# undergravel filter causing high nitrate levels?



## crzystng (Feb 2, 2007)

I am new here but not really to owning an aquarium. I have had my current 55 gal setup for a good 2 years now with very minimal problems until recently. I decided that I wanted a few new fish so before I mossied ff to the store I decided to test my waters real quick and found some alarming news. firstly the equipment I am using are
55 gal tank with under ground filter
two aqua clear 50 power heads
and an emperor 400
I sometimes use the mag 350 pro to help rapidly clean teh debris when changing the dirty filters out.
the test strips I am using are mandel 5 in 1 that I have confirmed work with a friends salt water master kit, so they are somewhat accurate.

what I found is that the 
nitrate levels are literally off the charts. greater than 230 ppm
0-no nitrite
very hard water
alkalinity levels are a bit lower than they should be and
PH around 6.2 still pretty low

I have done a test on the tap water itself and found that it is acceptable but I still use chlorout or some conditioner
also within the past few months I have noticed a lot of dirt building up on my substrate. it dosent have the same charistics as allege as that is more of a slimy more grouped together look than this which is more easily broken up with just the current and a med to dark brown color. I am assuming this has something to do with my extreme nitrate levels and am wondering a few things here.
#1 would it be wise to try and move the substrate with all of this dirt embedded? couldnt this prove to be more harmful than good at this point?
#2 if I do decide to basically break the tank down and do a full clean would it be best to just keep the UG in place or just throw it out and use the current emperor and power head combo alone?
I have had a thought recently about how to keep the UG filter clean but am not sure how exactly well it would work. I am thinking that if I were to use the mag 350's inlet split and coupled to both tubes for the ug filter and had a 90* elbow for the sharp turn then a few short runs of tube litterally underneath the filter that would prevent most excessive build ups of well you know that "stuff" haha. 

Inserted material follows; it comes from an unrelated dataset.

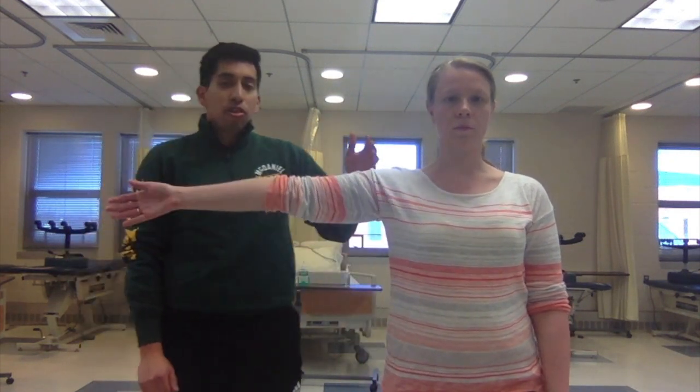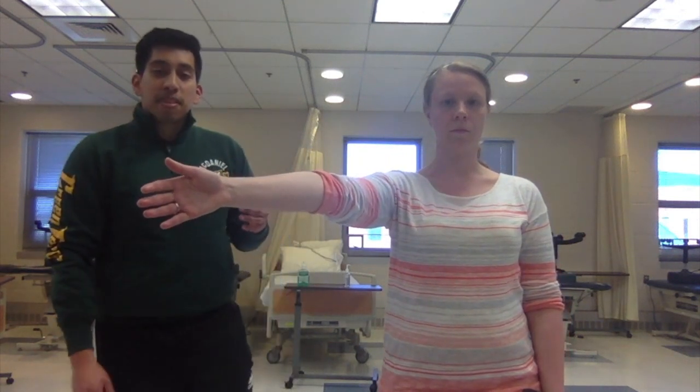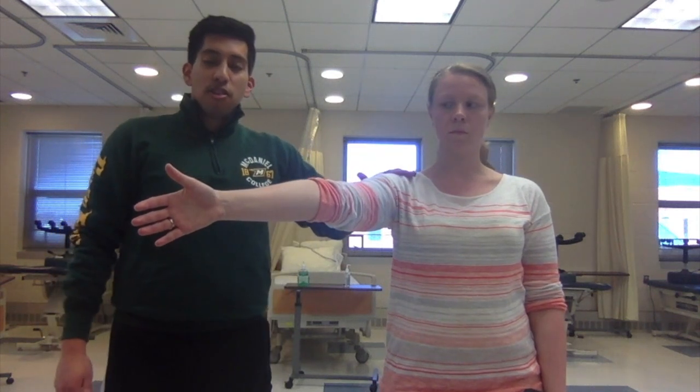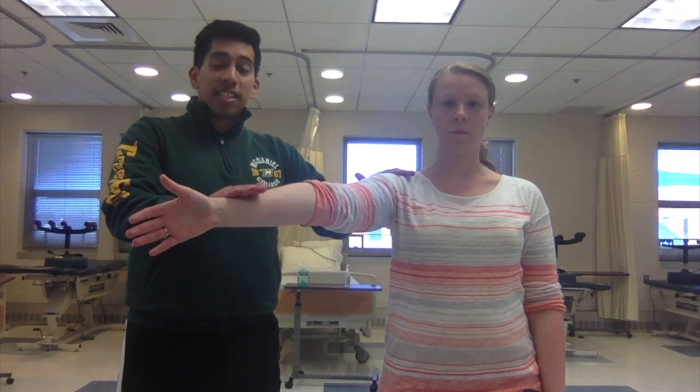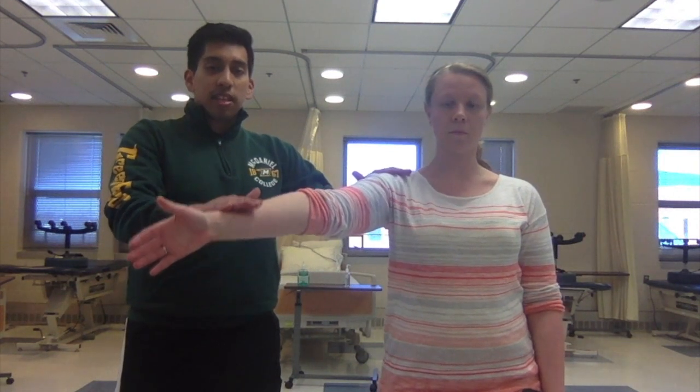To determine or distinguish the difference, we would perform the next special test, which is called the full can test. It follows the same principle: the patient does shoulder abduction to 90 degrees and then 30 degrees of scaption. This time we keep the thumbs up, place one hand on the GH joint again, and the other distal to the radius, then apply downward pressure.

I am at this point extremely amazed that my fish havent died yet due to these extremes in unbalanced chaos. I am going to setup either the other 55 gal or the smaller 29 gal temporally to perform what ever is needed but absoutley do not want to have to do this again. right now I am dealing with a serious back injury and dont know exactly how long it will last with me being up on my feet but something has to be done. the back injury is the reason why I have had to cut down on maintence lately. I can't just pick up a 5 gal bucket and walk off with it anymore, which for me being 245lbs is a really hard thing to comprehend, and when it goes, its gone for a few days so.


----------



## bettababy (Oct 12, 2006)

Hi crzy, and welcome to the board! We'll do whatever we can to help you and your fish.
To begin with, the "mud" you are seeing in your gravel is typical when running a UG system and not enough maintenance to it.
Do you have live plants in the tank?

The UG filter is more designed for plants than it is for fish. The way the UG works is that it pulls the solid waste down to the bottom, where it begins to collect under the plates. This is plant food as it breaks down, and is thus collected where most of the plants root systems will run to feed from it.

There are a few options for you, and disassembling your whole tank isn't really needed (or suggested). Do you own a Python No Spill Gravel Vac system? If not, I would highly suggest making the investment. It will save your back and eliminate the need for buckets. The Python hose hooks right up to your faucet, and with a push and twist, you can reverse the flow of water back into your tank. I wouldn't live without one... even if I didn't keep fish.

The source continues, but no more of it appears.